A este efecto, en ocasiones anteriores, ya he puesto de manifiesto la mayor dificultad que existe en un régimen democrático, al menos que lo es formalmente, de administrar. Y ello porque las leyes o el Derecho se configuran de modo que satisface, al menos, a los partidos mayoritarios o que tienen capacidad de intervenir en la configuración de mayorías parlamentarias o de formulación de políticas públicas determinadas. De modo que la ley se hace ambigua y polivalente; es decir, susceptible de interpretarse según los intereses del grupo en el poder. Y en España los dos partidos mayoritarios se reparten las 17 Comunidades Autónomas, con la inclusión de algún que otro partido nacionalista, de modo que la ley se interpreta de forma distinta según los casos. Además, no sólo es susceptible de interpretarse según el partido político de turno, sino también según los intereses particulares configurados en cada Administración, incluidas las entidades locales.
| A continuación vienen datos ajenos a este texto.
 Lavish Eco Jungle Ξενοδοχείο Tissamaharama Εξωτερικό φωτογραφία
Intereses particulares que incluyen los económicos de cada zona, la financiación de los partidos, eventos, grupos dominantes en cada una de las sociedades locales y correspondientes relaciones.
En conclusión, no sólo pueden existir leyes diferentes según el lugar, sino que además pueden interpretarse de modo distinto. La carencia de pluripartidismo, hace del parlamento un elemento meramente testimonial o galería para la propaganda, con anuencia de la prensa, y la Administración pública, como tal, no interviene de modo sustancial en la configuración de las políticas públicas. Intervención que lógicamente ha de serlo respecto de su viabilidad; es decir de su “administrabilidad” y eficacia. Si unimos el hecho de que todos los funcionarios que tienen algo que decir respecto de los intereses públicos o de la interpretación legal, están contaminados por el sistema de carrera administrativa diseñado por las leyes actuales y por el sistema de libre designación o nombramientos temporales que reflejaba en mi último post, el funcionario que piense que cumple o sirve los intereses generales es un ingenuo, aún más que el que en dictadura al ejecutar leyes claras pensaba que lo hacía, pues éstas podían no ser “democráticas” pero sí ser ajustadas a intereses generales de los ciudadanos y admitían pocas interpretaciones.
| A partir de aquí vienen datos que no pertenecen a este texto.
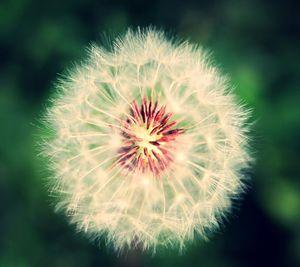 Close-up of dandelion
Hoy nada es claro, todo es posible, depende de quien manda, se sirve al cargo político y las bases del Estado de Derecho que se configura a partir de la Revolución francesa están rotas. El Estado no es una abstracción, tiene nombre y apellidos y una corte de sirvientes; todos mediocres porque la inteligencia, el pensamiento, la independencia y la personalidad son peligrosas. Y no sé porqué pero me da la impresión de que Europa ya no arregla nada, salvo algunas directivas que en rompen algunas dinámicas corruptas de la política y administración española, pero que sólo los pudientes se pueden permitir el lujo de controvertir en los tribunales europeos, pero, además, tras un periplo largísimo de pleitos en distintas instancias judiciales.
La conclusión no puede ser otra que la de que no existe una Administración pública propiamente dicha, que constituya un primer paso, objetivo y garante del cumplimiento del Derecho -algo más que la ley-, porque el amo de turno no lo permite. Sólo a un diseño democrático multipartidista conviene la Administración pública, propiamente dicha, primero porque la ley se configuraría como un pacto más general y no como reflejo del poder dictatorial del partido político de turno y, segundo, porque la Administración pública tendría que jugar el papel de arbitro objetivo y de elemento del sistema jurídico que, en primera instancia, le corresponde. Además habría menos leyes, porque serían más pensadas y menos parte de un sistema de propaganda y demagogia conducente a la ineficacia jurídica y administrativa.